• Thursday, June 20, 2024


Woking murder: Sara Sharif was seen at school ‘with cuts and bruises to her face’

Police are working with Pakistani authorities to trace her father and his family members

Sara Sharif (Image credit: Surrey Police)

By: easterneye.biz Staff

SARA SHARIF, found murdered in a Woking home earlier this month, had been seen with “cuts and bruises” to her face at her Byfleet school during spring, media reports said.

Surrey Police who discovered the 10-year-old girl’s body in the early hours of August 10, believe her father Urfan Sharif, his partner Beinash Batool and his brother Faisal Malik fled to Pakistan along with five children aged from one to 13 years a day earlier.

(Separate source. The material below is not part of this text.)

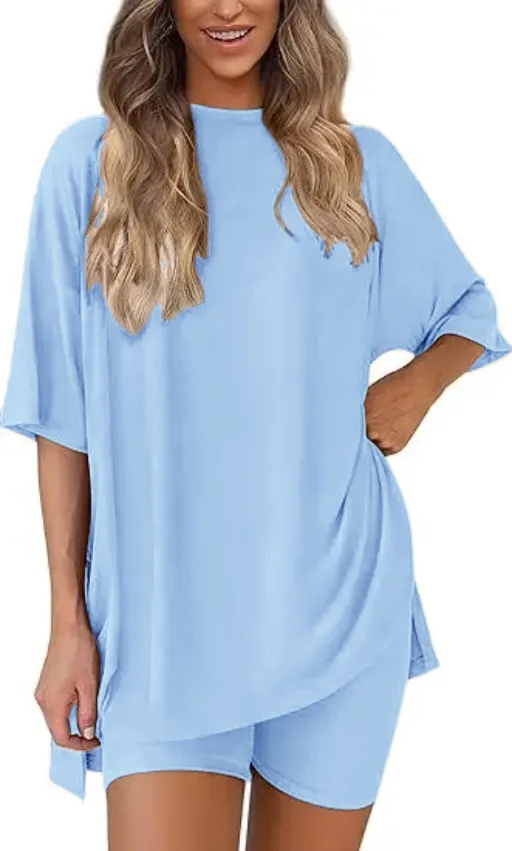 🔥Women's Two Piece Lounge Set 2026 Summer Casual Oversized Shirts Biker Shorts Matching Airport Travel Outfit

A post-mortem examination revealed that Sara had suffered “multiple and extensive injuries” over a period of time. But it did not establish what exactly caused her death.

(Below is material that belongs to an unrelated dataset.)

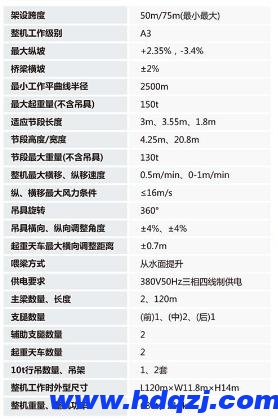 節段拼裝架橋機結構技術參數圖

She had attended St Mary’s primary school in Byfleet before her family moved to their Woking residence.

Sara Sharifs father
Sara Sharif’s father Urfan Sharif and his partner Beinash Batool (Image credit: Surrey Police)

Her classmate’s mother Jessica told the BBC that she had been to school before the Easter holidays and “had cuts and bruises on her face and her neck”.

“My daughter had asked what had happened and she said she’d fallen off a bike and then kind of walked away,” the woman, who was the family’s neighbour at Byfleet, said.

“The next day the teacher announced she had left school and she was being home-schooled,” Jessica said.

According to another neighbour, Batool said the girl was being educated at home after being “bullied for wearing a hijab”.

Media reports also said a handwritten note naming Sara’s killer was found at the scene of her murder, but officers have not confirmed it.

Detective Superintendent Mark Chapman of the Surrey Police and Sussex Police Major Crime Team on Thursday (24) renewed his appeal to the public to contact the force if they have any information, however insignificant it may appear.

“Any information is better than no information – although you might think it’s insignificant, it might be vital to the investigation and in helping us to bring justice for Sara,” Chapman said.

The force said detectives were working with international agencies, including the Interpol to progress their enquiries with Pakistani authorities.